What snowshoes do is spread your body weight over a larger surface area. This reduces each step’s impact on the snow and will prevent you from falling through deep snow. Polar bears have wide paws, over 12 inches, to better distribute their weight across ice and snow. Walking in snowshoes is like being a polar bear and that is always a good thing.
Snowshoe Tips and Tricks
Although similar to hiking, using snowshoes is not without its own set of challenges.
- Take it slow. Even with snowshoes on, hiking in the snow is hard and slow going. If you are used to covering 20+ miles in a day, cut your mileage in half. Snow is not an easy surface to walk over. Some areas may be deeper than others. Areas could be frozen while other areas are only powder. Snowshoes are also heavy, even if you invest in a lightweight pair, these are no trailrunners. More weight on your feet, colder temperatures, and snow, all combined promise a slower and harder hike. Of course, you do get the benefits of climbing mountains covered in snow and breathing in the cleanest air of the year.
- Use your toes. When investing in snowshoes, be sure there are spikes underneath the toes. I recommend models that incorporate metal teeth as I feel anything made of plastic will break. These spikes will be a god send when climbing uphill.

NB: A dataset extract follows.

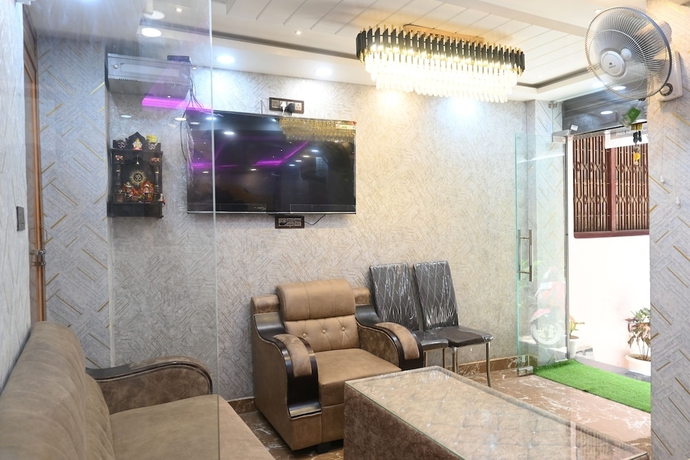 Imagen de los interiores del Hotel Divya Paying Guest House. Foto 9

As the mountain gets steeper near the peak, you will have to rely on these spikes to arrest any downward falls.
- Use the right boots. Picking out the right pair of winter boots is instrumental in having well fitting snowshoes. Look for boots that have a hard body, allowing the snowshoe straps to securely tighten around them. Also, waterproof boots will stop any of the snow from leaking into your toes.
If walking through the snow seems slow, why not try skiing? Faster than snowshoeing, cross-country skiing takes winter activities to a new level. Able to be used on any kind of snow cover, this is a great way to experience the back-country.
Unlike snowshoes, going uphill on skis is a much more difficult process. Harder, but not impossible, many ski hills are offering cross country skis for guests who are interested in climbing the slopes. Deciding on which trail to undertake is completely up to you but my recommendation would be to start on flat surfaces.
Are there any frozen lakes nearby? Cross-country skiing over the surface of a lake provides an incredible experience. I particularly enjoy doing this activity at night, underneath the milky way. Without any topography in my way, I can glide on my skis, free from worry.
Cross-Country Skiing Tips and Tricks
Faster than snowshoeing, cross-country skiing is no walk in the park.
- This is harder than it looks. Instead of walking, you are skiing. This process involves lifting your heel off the ski while keeping your toe strapped down. Unconventional, the mechanics take some getting used to. It is also an entirely new way of locomotion, promising to burn calories and provide you a workout.
- Look ahead. Unlike snowshoes, skis are much longer. When taking them into the back-country, look out for fallen trees and rocks. If you get into a rhythm, sliding one ski under a log can quickly knock you over. Like anything in the outdoors, cross-country skiing takes practice.
This Winter, go for a Hike
Don’t let seasonal depression get you down this winter. There are ample opportunities to enjoy that fresh powder and still get a workout in. Whether you want to go on a hike, use snowshoes, or try cross-country skiing, the winter could easily turn into your favorite season.